Apple's security argument has “no legs,” Damien Geradin, a lawyer for the Coalition of App Fairness — a group that includes Fortnite maker Epic, Corellium and Spotify — told Reuters. He also argued that payment mechanisms outside of Apple's payment system are as safe as Apple's.

Apple’s argument, which it laid out in a paper Wednesday, comes as the European Union considers draft rules to rein in the power of tech giants. Apple CEO Tim Cook has said that the proposal would “destroy the security of the iPhone.” European tech enforcer Margrethe Vestager in July warned Apple against using security to fend off such proposals.
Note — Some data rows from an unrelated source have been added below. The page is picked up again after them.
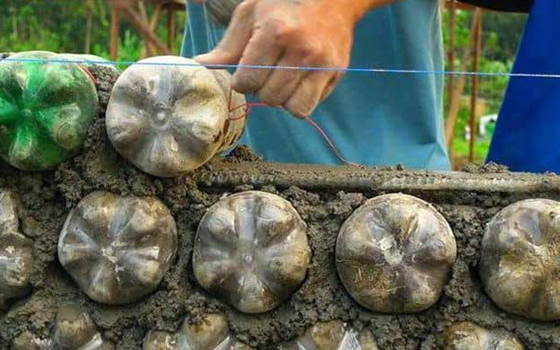 Reciclajes de PET y escombros: idea viral de ayuda sustentable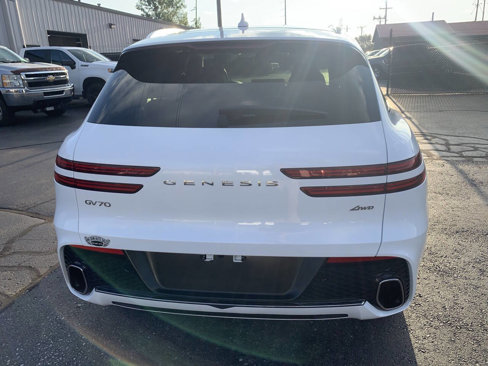 Used 2023 Genesis GV70 2.5T w/ Advanced Package image 8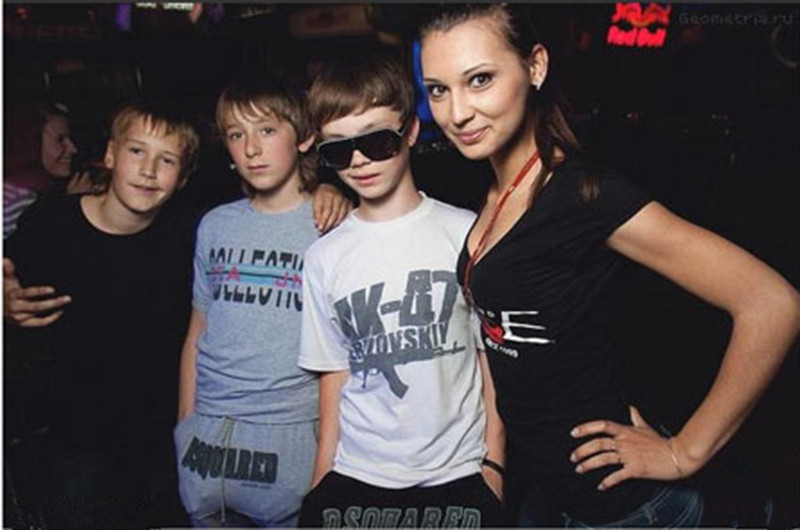 Clubs nocturnos para adolescentes rus@s - Imágenes - Taringa!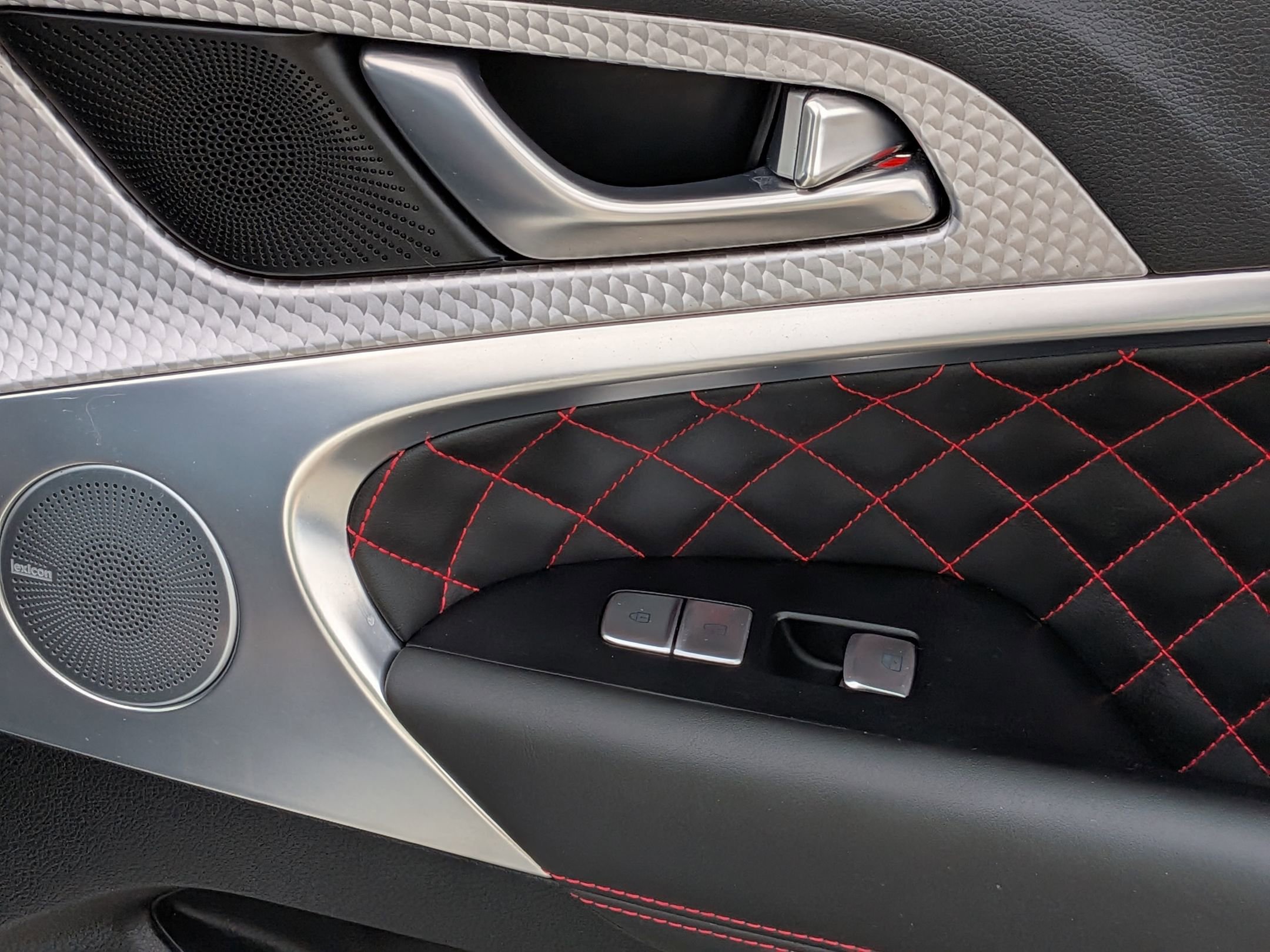 2023 Genesis G70 3.3T Sport Prestige photo 32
Iranian hackers tried to distribute a malicious app on the Google Play Store

Google removed the spyware app, which was disguised as virtual private network software, “before any users had a chance to install it,” Google's Threat Analysis Group said in a blog post. The hacking group behind the campaign has tried to distribute the spyware on other platforms this year, Google said.
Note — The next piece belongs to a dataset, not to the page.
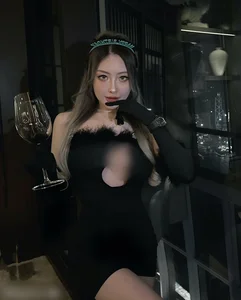 Taiwanese Fashion Influencer Sparks Viral Debate with Bold Nude-Tone Illusion Outfit - image 3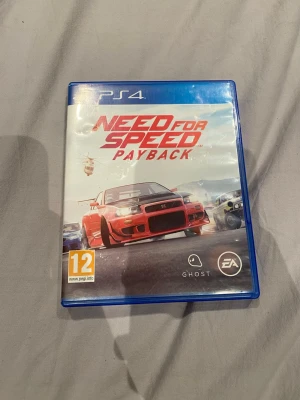 Need for Speed Payback PS4 spel - Need for Speed Payback till PS4 är ett actionfyllt racingspel där du kör snabba bilar genom häftiga miljöer. Omslaget är blått och spelet har en cool design med en röd sportbil på framsidan. Perfekt för dig som gillar fart och adrenalinkickar.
Researchers also highlighted the hacking group's use of compromised websites — like one belonging to a U.K. university — to phish victims. The group has also impersonated officials from high-profile conferences like the Munich Security Conference, Google said.

Industry report

Alperovitch launches cybersecurity institute at Johns Hopkins University

The Alperovitch Institute for Cybersecurity Studies, which was launched Wednesday, will focus on the intersection of cybersecurity, statecraft and policy. The institute will be led by Thomas Rid, Johns Hopkins University School of Advanced International Studies professor of strategic studies. The institute was endowed by former CrowdStrike chief technology officer Dmitri Alperovitch and Maureen Hinman.

Global cyberspace

As Russian voting moves online, Putin’s foes say another path to curb Kremlin is lost (Robyn Dixon)
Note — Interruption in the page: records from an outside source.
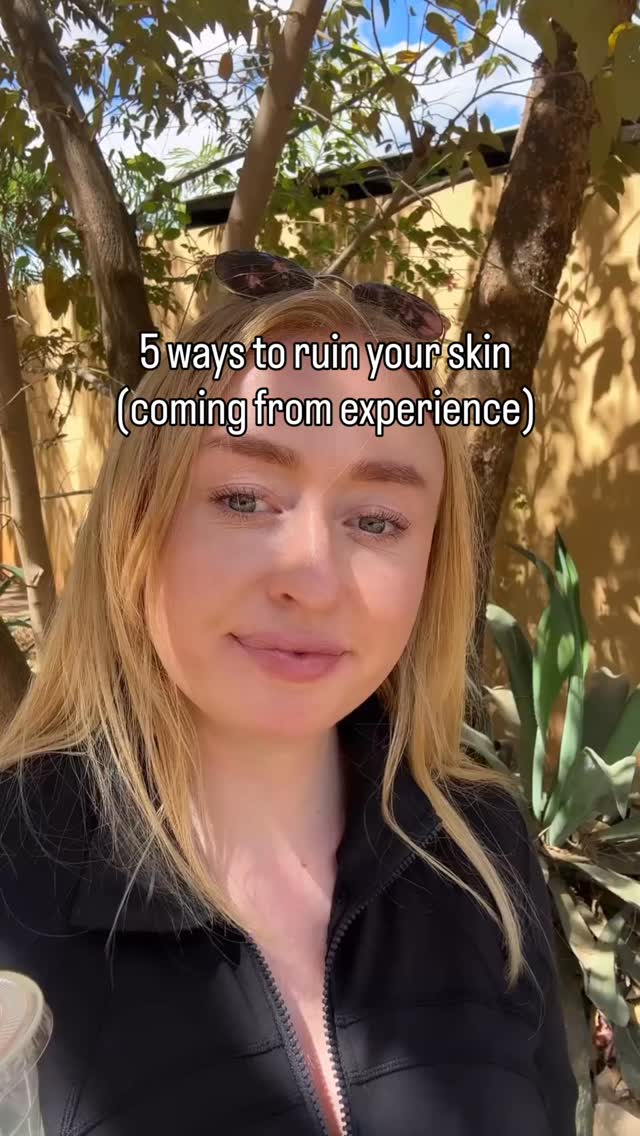 5 mistakes I made on my acne healing journey so you don’t have to 💛
1. Starting the day with sugary breakfasts
I thought smoothies, granola, oatmeal with fruit, and sweet coffees were healthy choices for breakfast. I had no idea that starting the day with a blood sugar spike can trigger insulin, inflammation, and increased oil production all of which directly fuel acne.
2. Going vegan for “clear skin”
I assumed cutting out animal foods would calm my skin. What I didn’t realize is that many key skin nutrients come from those foods — like zinc, retinol vitamin A, B12, iron, and collagen-building amino acids. Removing them can weaken hormones, gut health, and the skin’s ability to repair itself.
3. Overusing actives in skincare
I believed stronger products and more exfoliation would fix everything. Instead, layering acids, retinols, and harsh treatments damaged my skin barrier. No one told me that an irritated, inflamed barrier actually makes acne worse, not better.
4. Relying on elimination diets and food sensitivity tests
I thought the answer was to keep cutting out foods based on test results. I didn’t know that food sensitivity tests aren’t truly reliable and that overly restrictive diets can create nutrient deficiencies, stress, sluggish metabolism and a lack of healthy gut bacteria.
5. Demonizing dairy when it actually is a skin superfood
I was convinced dairy was automatically “bad for acne.” What shocked me is that high-quality dairy provides bioavailable vitamin A, calcium, protein, and healthy fats that support hormones and skin health. For many people, removing it unnecessarily can make skin and hormones worse.
Do you want to know how to actually get clear skin? Come watch my free clear skin masterclass! Link in bio 🫶🏼
#acneproneskin #acnesolution #fungalacne #clearskingoals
EU legislation introduced to ban anonymous domain registration (Bleeping Computer)

New Australian ransomware plan could freeze or seize cryptocurrencies (The Record)

Privacy patch

Call of Duty’s new anti-cheat system includes a kernel-level driver to catch PC cheaters (The Verge)

Facebook faces privacy fine of up to €36M (Politico Europe)

Cyber insecurity

Acer confirms second security breach this year

Academics find Meltdown-like attacks on AMD CPUs, previously thought to be unaffected (The Record)

Daybook

  • Cybersecurity executives and officials speak at the Pearson Global Forum today.
  • Palo Alto Networks Chair and CEO Nikesh Arora and Suzanne Spaulding, a senior adviser at the Center for Strategic and International Studies and former DHS official, speak at a Washington Post Live event today at 4 p.m.
  • CISA Deputy Director Nitin Natarajan speaks at the Oregon Cyber Resilience Summit today at 5:30 p.m.

Secure log off

Thanks for reading. See you tomorrow.